Originally posted at http://labs.adaptavist.com/code/2018/10/09/a-strange-bug-on-aws-lambda/

At Adaptavist we run a lot of Lambda functions to provide functionality in our Cloud apps. We use both the Java and Node.js runtimes for lambdas, and recently we came across a weird bug in production that was caused by the way that the lambda function runtime is re-used in AWS.

As part of our ScriptRunner for Jira Cloud app, we run a service (built using lambda functions) that processes some input data from our customer’s Jira instances and then PUTs the output back into our customer’s Jira instances. Part of the processing logic requires us to have a list of the fields that exist in our customer’s Jira instances in memory during the processing. This lambda function is triggered, in parallel, once per user per Jira instance, for a subset of the users in each Jira instance.

Lets say we have 10 customers and 2 users per customer that need this service. We would trigger the lambda function that does the processing 20 times in parallel. The processing takes usually less than 30 seconds, but we run the process every minute. That frequency is important.

I mentioned that we need a list of fields in memory. When we first built the service we fetched that list on demand for each item in the input that the lambda receives. Recently we started caching that list of fields, so that we would only need to fetch it once per lambda invocation.

The lambda uses a node module that our frontend code for ScriptRunner uses and it was inside this module that we added the caching.

Once we deployed this change, everything seemed to be fine, until we got some support requests along the lines of “the service is telling me the fields are invalid”. We checked the logs and sure enough there were lots of error reported about fields mentioned in the lambda input being invalid fields – ie not in the list of fields we should have been fetching from Jira.

I mentioned at the start of the blog post that we use Java and Node.js runtimes, and when developing our Java lambdas we had been very cognizant of the fact that a single lambda instance can have its runtime frozen once it completes and that a second request a short time later can trigger the runtime to be defrosted/thawed in order to process the second lambda request and avoid a cold start, therefore we should clean up after ourselves nicely in case the JVM is re-used.

For our Node.js lambdas we hadn’t really thought that much about it, but once we saw this bug in production I had a hunch what might be happening.

Because we run the service so frequently (every minute) the lambda function is always “hot”, which means the Node.js runtime is shared between invocations of the function. We had introduced caching into a node module and that module was not being re-initialized because the runtime (and therefore data stored inside modules) was being kept between invocations!
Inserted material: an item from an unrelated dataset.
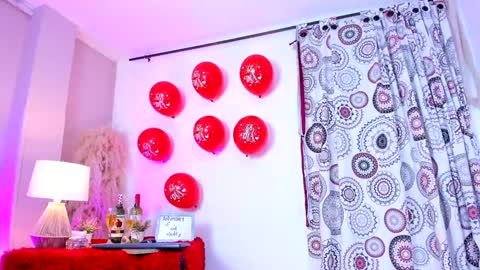 MADELEINE online show from 01/05/25, 05:30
Because we only have one lambda function for this process, the first time it ran it cached the field list from one Jira instance and all the subsequent invocations of the lambda that were supposed to be for other Jira instances just used the cached data which didn’t match the input!

So, if you cache anything in a lambda function, make sure you think about the possibility of the cached value being shared between invocations of that lambda!